(Exercise directions) Go through the material below, find each line with the word "Foto", and copy those lines.

=======

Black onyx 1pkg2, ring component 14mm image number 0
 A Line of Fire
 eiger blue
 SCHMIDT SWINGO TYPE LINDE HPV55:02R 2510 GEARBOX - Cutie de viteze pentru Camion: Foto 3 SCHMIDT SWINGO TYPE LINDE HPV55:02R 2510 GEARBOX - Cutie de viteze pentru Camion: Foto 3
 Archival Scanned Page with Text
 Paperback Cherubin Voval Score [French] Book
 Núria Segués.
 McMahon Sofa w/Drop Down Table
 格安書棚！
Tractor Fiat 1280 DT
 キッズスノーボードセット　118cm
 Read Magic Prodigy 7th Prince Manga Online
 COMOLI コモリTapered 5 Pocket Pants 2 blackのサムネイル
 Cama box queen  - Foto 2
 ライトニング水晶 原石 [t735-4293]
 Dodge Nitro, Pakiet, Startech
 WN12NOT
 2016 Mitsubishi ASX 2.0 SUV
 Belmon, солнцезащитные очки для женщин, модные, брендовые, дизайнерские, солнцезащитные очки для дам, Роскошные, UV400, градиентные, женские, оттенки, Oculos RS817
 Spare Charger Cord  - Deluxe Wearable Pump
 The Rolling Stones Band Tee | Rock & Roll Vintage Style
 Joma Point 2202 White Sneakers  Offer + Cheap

=======

(Task result)
 SCHMIDT SWINGO TYPE LINDE HPV55:02R 2510 GEARBOX - Cutie de viteze pentru Camion: Foto 3 SCHMIDT SWINGO TYPE LINDE HPV55:02R 2510 GEARBOX - Cutie de viteze pentru Camion: Foto 3
 Cama box queen  - Foto 2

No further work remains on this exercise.